We focused on GO Cellular Component annotations for our studies for three main reasons that suggested to us it would serve as a potential first proof of principle for developing a Textpresso-based, semi-automated curation pipeline for a heretofore fully manual approach. The first reason is that Cellular Component annotations are generally the result of a limited number of experimental strategies, namely microscopy and subcellular fractionation, thus potentially limiting the number of terms we would need to create new curation task-specific categories. Second, because we had noted during extensive manual curation that the information for the conclusion, i.e., subcellular localization, and the type of experimental assay are often stated in the same sentence, our search strategy of finding sentences that include proteins, cellular components and words or phrases referring to the experimental approach, was likely to be successful.

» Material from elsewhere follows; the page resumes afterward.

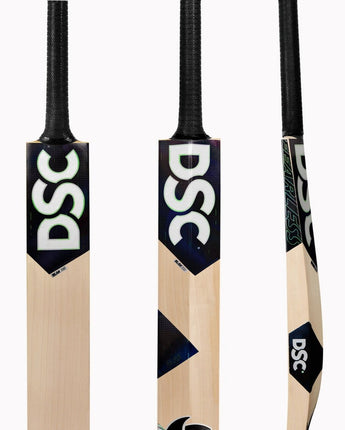 DSC BLAK 350 Cricket Bat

Third, Cellular Component annotations derived from the small-scale experiments we were aiming to curate are typically made using one GO evidence code, "Inferred from Direct Assay (IDA)", thus simplifying the annotation process. In addition, there is a need for Cellular Component curation tools that make use of the full text of research articles, as authors often fail to include the results of such experiments in the abstracts of their papers. To illustrate, for a random sampling of 27 C. elegans proteins (see Results) only 28.4% of possible GO Cellular Component annotations could be made solely from PubMed abstracts compared to full text, with only 17.9% of those annotations as specific as annotations made from full text.
To investigate the potential usefulness of Textpresso for GO Cellular Component curation, we constructed three new Textpresso categories, termed Cellular Components, Assay Terms, and Verbs, containing terms and phrases found in a gold-standard set of sentences describing experimentally determined subcellular localization. To assess the performance of the new categories, we used them to annotate previously uncurated C. elegans proteins and found that by using Textpresso we were able to make 66.2% of all possible Cellular Component annotations with 97.3% accuracy. Further, by comparing the relative efficiencies of manual versus Textpresso-based curation, we find that Textpresso-based curation has the potential to improve curation efficiency at least eight-fold, and possibly as much as 15-fold, depending upon the individual curator. By incorporating a Textpresso-based Cellular Component curation pipeline into WormBase, we have moved from fully manual curation to computer-assisted validation for this data type.